Alongside the agents, the government has assigned six doctors to support the Helpline. Dr. Rabia Basri is one of them.

“I am forwarded calls that are critical and need expert medical advice. Every day, I receive about forty calls, some twenty minutes long. These are difficult times for everyone. I often advise people about personal hygiene and physical distancing, and if they are having symptoms, help connect them with a hospital for the coronavirus test and further medical support,” said Dr. Rabia.

Dr. Rabia Basri is one of six doctors stationed at the Helpline, responding to critical calls with expert medical guidance and referrals. ©UNICEF Pakistan/2020/Sharmin

70,000 calls a day

“Initially, we were receiving about a thousand calls a day. During the National Polio Immunization Campaign in February 2020 for example, people were calling to report missed children, clarify doubts about vaccines and lodge complaints when health and vaccine services were not working,” said Huma Shaukat, the Helpline Liaison Officer.

However, since the outbreak of COVID-19, the call volume has increased dramatically, to about 70,000 calls a day.

“Each call agent responds to about 150 callers a day. To increase the capacity of the helpline, thirty more agents have joined to manage the growing number of calls,” added Huma.

Despite adding more agents, the call volume has become unmanageable for the helpline centre. The situation has prompted the government to assign additional resources. The Digital Pakistan initiative of the Prime Minister’s Office is helping recruit an additional 165 agents while the National Institute of Health is assigning ten more doctors to the technical team.

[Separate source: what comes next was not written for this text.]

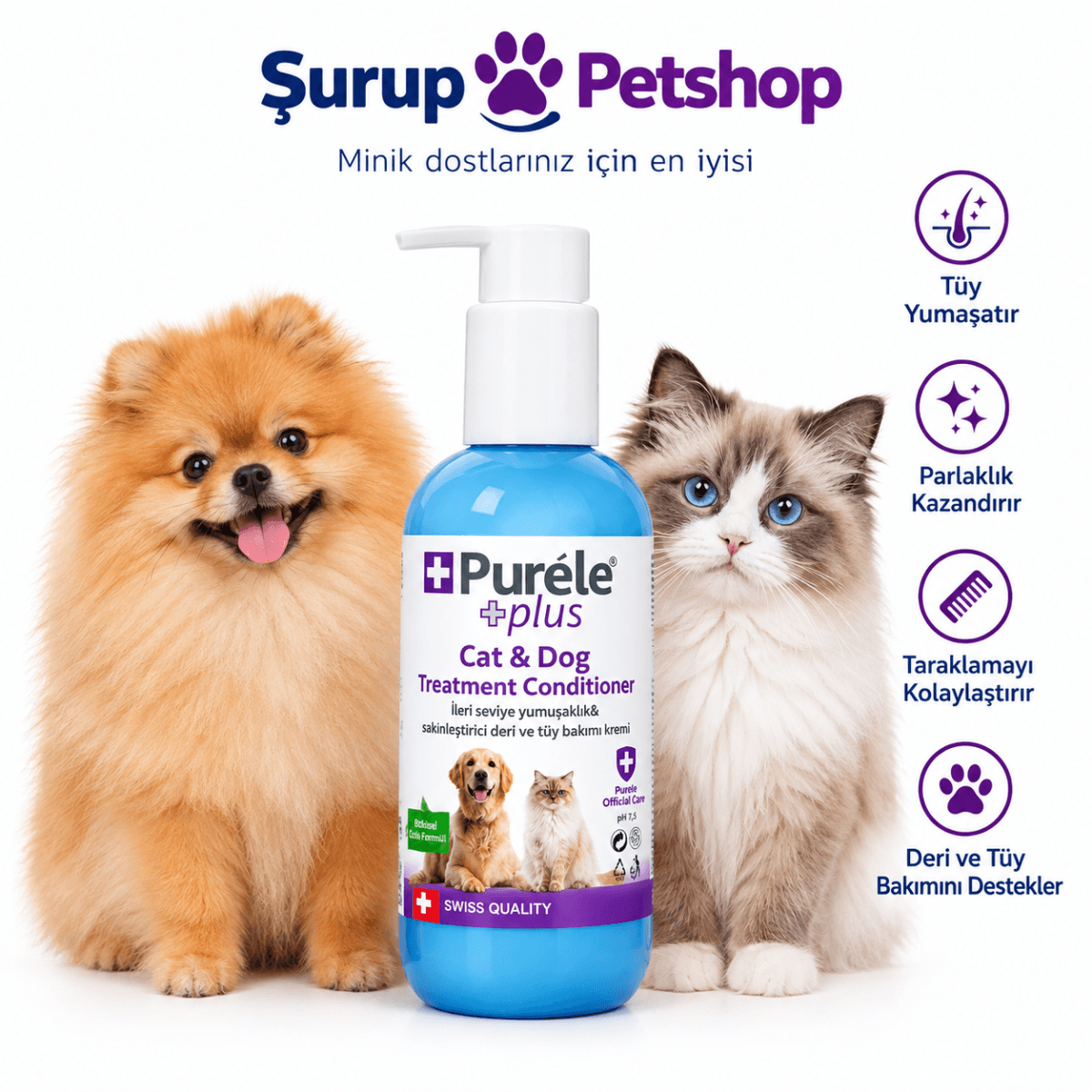 Purele Kedi ve Köpek Deri Tüy Bakım Kremi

Managing the 1166 helpline centre

“Training and commitment of call agents are very important. Otherwise the helpline will not work,” said Huma. “We have four supervisors managing the team of call agents and support them when required as the work here is highly challenging, especially now with the high number of calls every day.”

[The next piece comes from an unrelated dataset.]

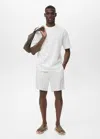 Mango Man T-shirt 100 % Coton Relaxed-fit Blanc Cassé - Homme - Xxl -  In White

Daniyal Kiyani (20) is a newly recruited Helpline agent committed to helping people during the COVID-19 pandemic. ©UNICEF Pakistan/2020/Sharmin

All call agents undergo a comprehensive training on COVID-19 basic information and primary symptoms facilitated by the National Institute of Health, followed by sessions on the helpline technology and interpersonal communication.

“We generate a daily report and share with relevant sections and the helpline management team. This is very important as it helps us review and manage problems, to continue functioning as an efficient helpline supporting people in their time of need,” Huma explained.

With the leadership of the Government of Pakistan and the support of Global Polio Eradication Initiative (GPEI) partners – the United Nations Children’s Fund (UNICEF), World Health Organization (WHO) and Bill & Melinda Gates Foundation (BMGF), the Sehat Tahaffuz 1166 Helpline has become an essential support system for the people of Pakistan.

“GPEI partners are supporting the Government in utilizing existing polio eradication resources for the COVID-19 response in Pakistan. We are striving together to support as much as we can to ensure the health and safety of all children and families in the country during this challenging time,” said Dennis Chimenya, the UNICEF C4D team lead supporting the helpline in Pakistan.